Батю Степана Гавриловича, царствие небесное, лихие люди, шпана уголовная, забили железными ломами и лопатами во время разгрома «Крестов», вкупе с еще несколькими надзирателями, кто никак поверить не мог, что закону настал конец, да не сбежал вовремя. Так и не довелось Филе замириться с родителем, получить его отеческое прощение.
Он и сам-то 27 февраля, в черный день, еле ноги унес.
С утра собрали всех на Мытнинской. Ожидалось, что беспорядки, разразившиеся по всему городу, будут подавлены силой оружия, и тогда начнется у сотрудников самая работа: хватать зачинщиков и агитаторов, пока не забились по щелям.
Но заполдень стало ясно, что войска по толпе стрелять не будут, и как-то сделалось тошновато. По телефону сообщили, что окружной суд и сыскная полиция разгромлены. Гвардейская полурота, которую генерал Глобачев вызвал для охраны своего важного учреждения, вела себя погано: офицеры куда-то подевались, а солдаты поглядывали на окна недобро, некоторые плевали и кулаком грозили. Начальник от греха отправил гвардейцев назад, в казарму. В пятом часу прибежали наблюдатели, поставленные со стороны Александровского. Большущая толпа раздербанила там спиртоочистительный завод и, пьяная, шумная, двинулась к Охранному.
– Двери запереть! Расходиться поодиночке! – приказал тогда господин генерал.
Ну, все и кинулись – кто куда. Бляхин, когда дворами бежал, из окна откуда-то засвистели, крикнули: «Держи легавого!» Страшно было.
Но уберег Господь. Пожар был в Охранном, все секретные бумаги сгорели, портреты разодрали и даже, сказывали, мебель зачем-то покрушили. Но благодаря генералу Глобачеву сотрудников никого на месте не застали. Добрался Филипп через ополоумевший город к себе на Лиговку и с тех сидел тише воды, ниже травы, помогал матери – она у Николаевского вокзала пирогами торговала, так он взад-вперед корзинки таскал: туда полные, обратно пустые. Заработок был скудный, но спасибо хоть такой.
И вот, откуда ни возьмись, дядя Володя. Всё такой же. Зубы скалит, командует, дерется. Будто не было никакой революции.
Филипп ему:
– Мне надо пироги вынимать, к пяти часам на вокзал нести.
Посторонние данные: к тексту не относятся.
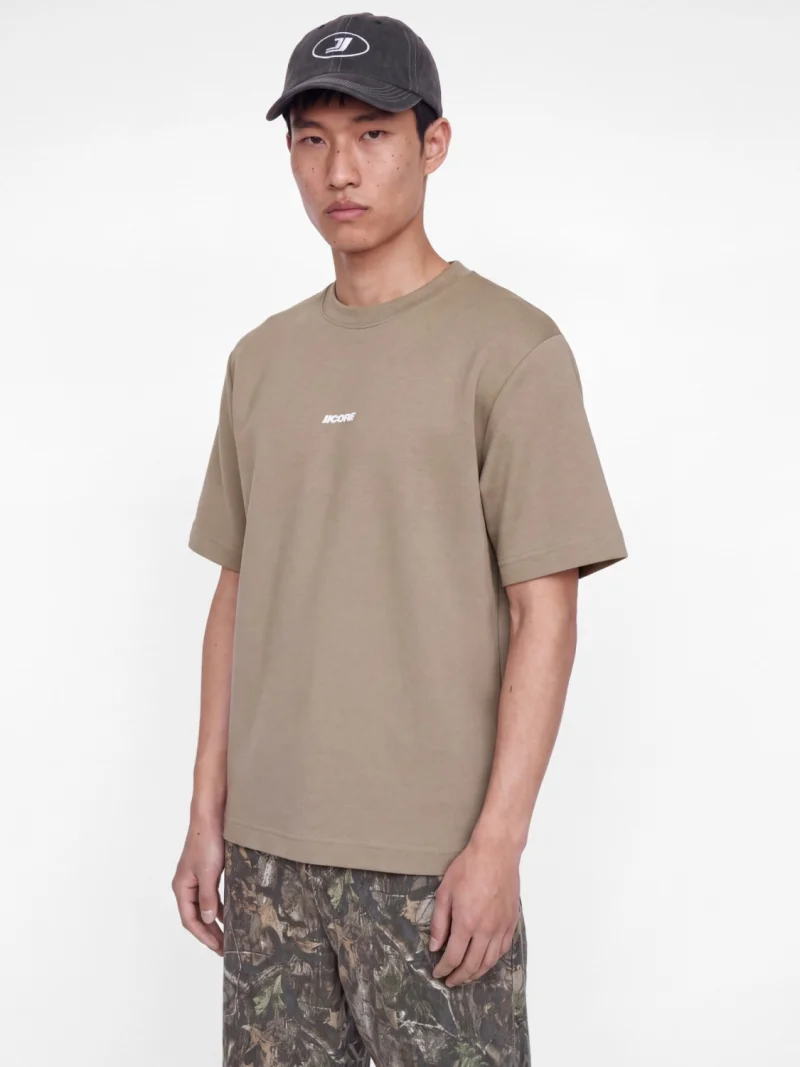 Jack & Jones Tricou barbati, cu decolteu la baza gatului, din bumbac, Relaxed Fit, JCOCLUB BACK SCRIPT, Maro (SELECTATI MARIMEA: XS)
А дядя Володя и не слушает. Говорит со смешком: «Беда, коль пироги начнет печи сотрудник». Взял за шиворот, как кутенка, усадил к окошку, где светлее, и стал колдовать над бляхинской физиономией. Достал филерский набор (разработан специалистами, для быстрого изменения внешности), приклеил Филиппу жидкие усишки, помазал чем-то на щеках и еще у краешков глаз. Посмотрел на себя Бляхин в зеркало – не узнал. Заскуластела рожа, зататарилась. Себе бригадный пристроил лядашую бороденку и растрепанный парик. Он для того и растительность на голове брил, чтоб сподручней было преображаться.
– Пойдем, – говорит, – Ахмедка, по дороге объясню. Я тебя буду Ахмедкой, а ты меня, если что, зови Никифором. А лучше никак не зови и держись подальше. У тебя будет своя задача, у меня своя.
Пешком далеко, поэтому дядя Володя остановил извозчика. Тот не хотел Филю в его грязном ватнике на сиденье сажать, но Слезкин ему синенькую посулил, и сели, поехали.
– Зачем вы меня в пасть волчью везете? – От страха заговорил Бляхин жалобно и красиво. – А признают? Там студенты с ружьями, они нашего брата ненавидят, в тюрьму сволокут.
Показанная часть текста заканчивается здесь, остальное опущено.